WHAT IS REQUIRED: From the entries below, print exactly the span beginning with the line holding "Another output from" and ending with the line holding "Once you've named", endpoints included, and skip any pictures.

RECORD SET:
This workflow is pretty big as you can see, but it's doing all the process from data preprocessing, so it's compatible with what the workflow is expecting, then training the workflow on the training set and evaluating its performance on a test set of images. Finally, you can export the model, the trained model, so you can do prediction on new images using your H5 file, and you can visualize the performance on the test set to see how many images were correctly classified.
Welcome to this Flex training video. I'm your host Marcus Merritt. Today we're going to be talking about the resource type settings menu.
---
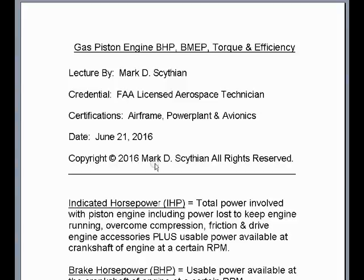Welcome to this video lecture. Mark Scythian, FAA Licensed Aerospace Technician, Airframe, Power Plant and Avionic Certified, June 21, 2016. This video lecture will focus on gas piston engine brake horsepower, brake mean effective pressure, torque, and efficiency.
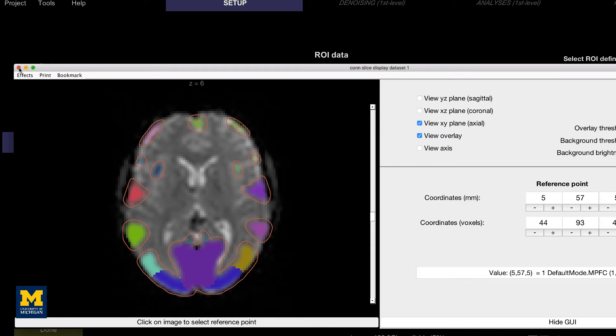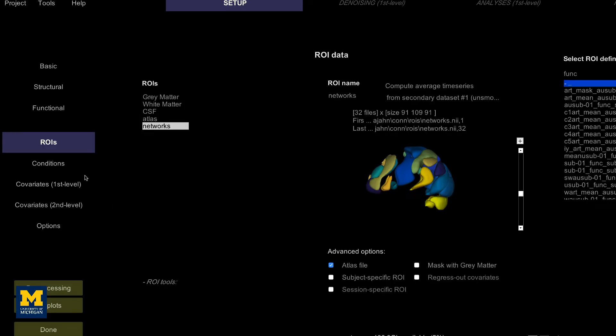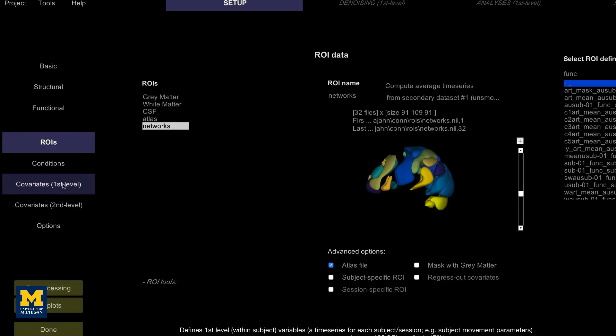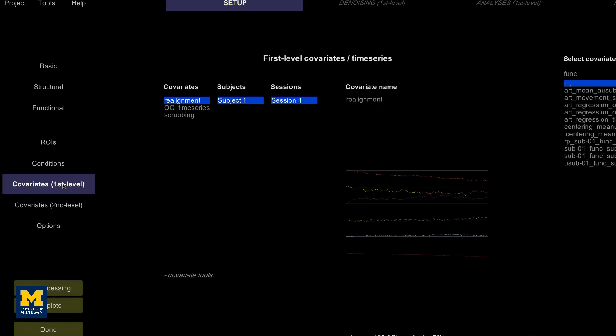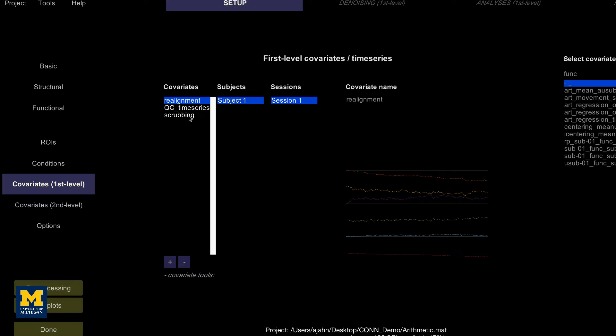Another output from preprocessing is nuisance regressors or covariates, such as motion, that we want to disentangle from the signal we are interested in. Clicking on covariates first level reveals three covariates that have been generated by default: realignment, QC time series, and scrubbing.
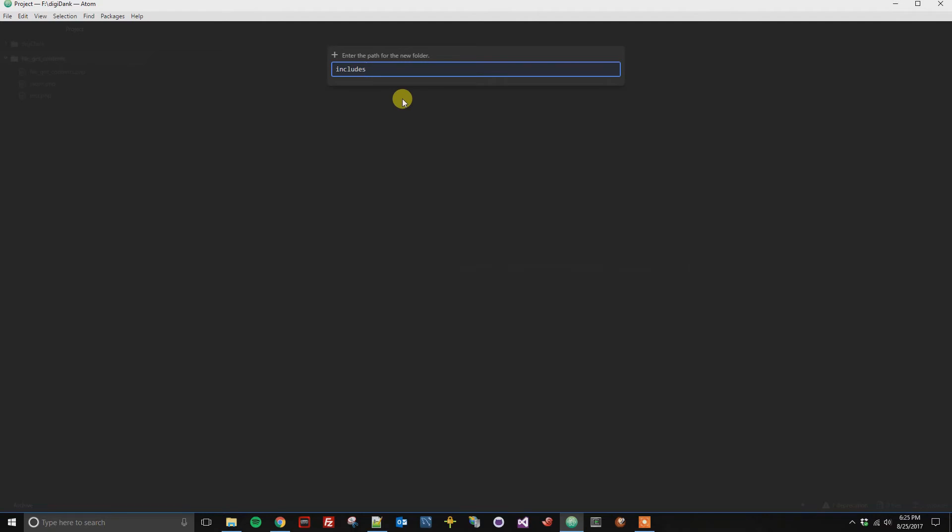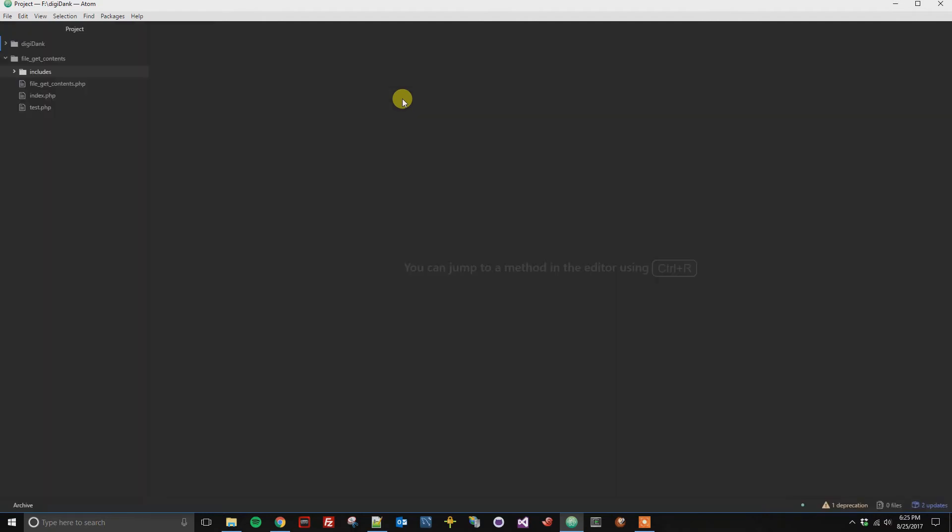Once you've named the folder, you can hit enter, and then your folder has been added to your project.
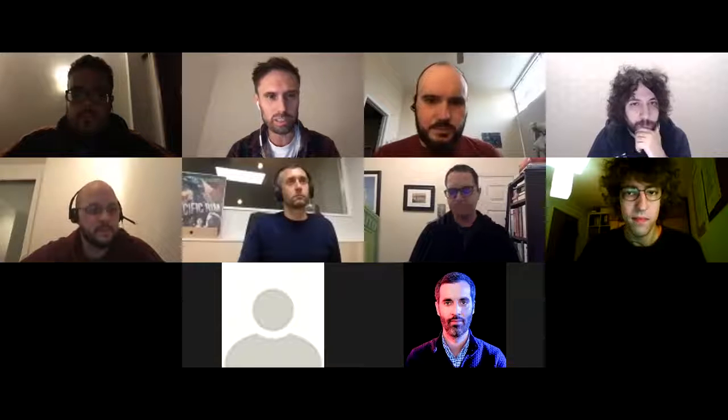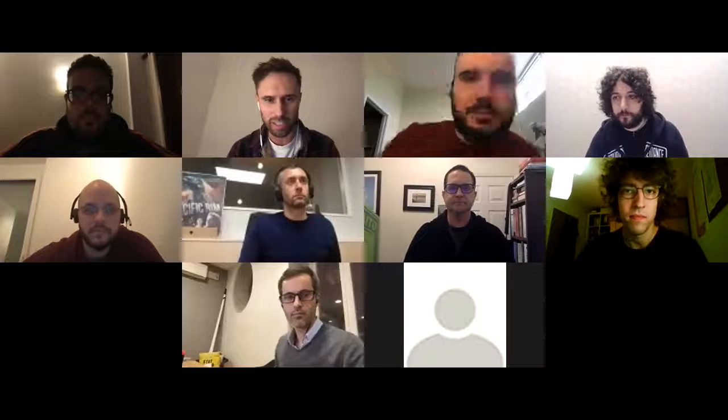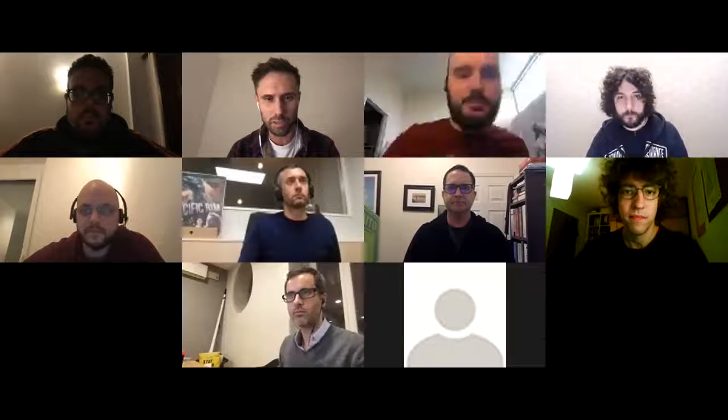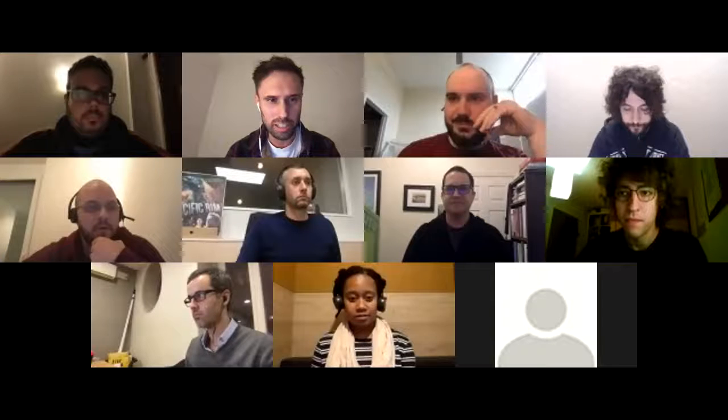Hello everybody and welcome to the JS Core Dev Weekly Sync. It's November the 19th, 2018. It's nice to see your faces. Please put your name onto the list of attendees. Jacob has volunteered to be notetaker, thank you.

REPLY:
Another output from preprocessing is nuisance regressors or covariates, such as motion, that we want to disentangle from the signal we are interested in. Clicking on covariates first level reveals three covariates that have been generated by default: realignment, QC time series, and scrubbing.
Once you've named the folder, you can hit enter, and then your folder has been added to your project.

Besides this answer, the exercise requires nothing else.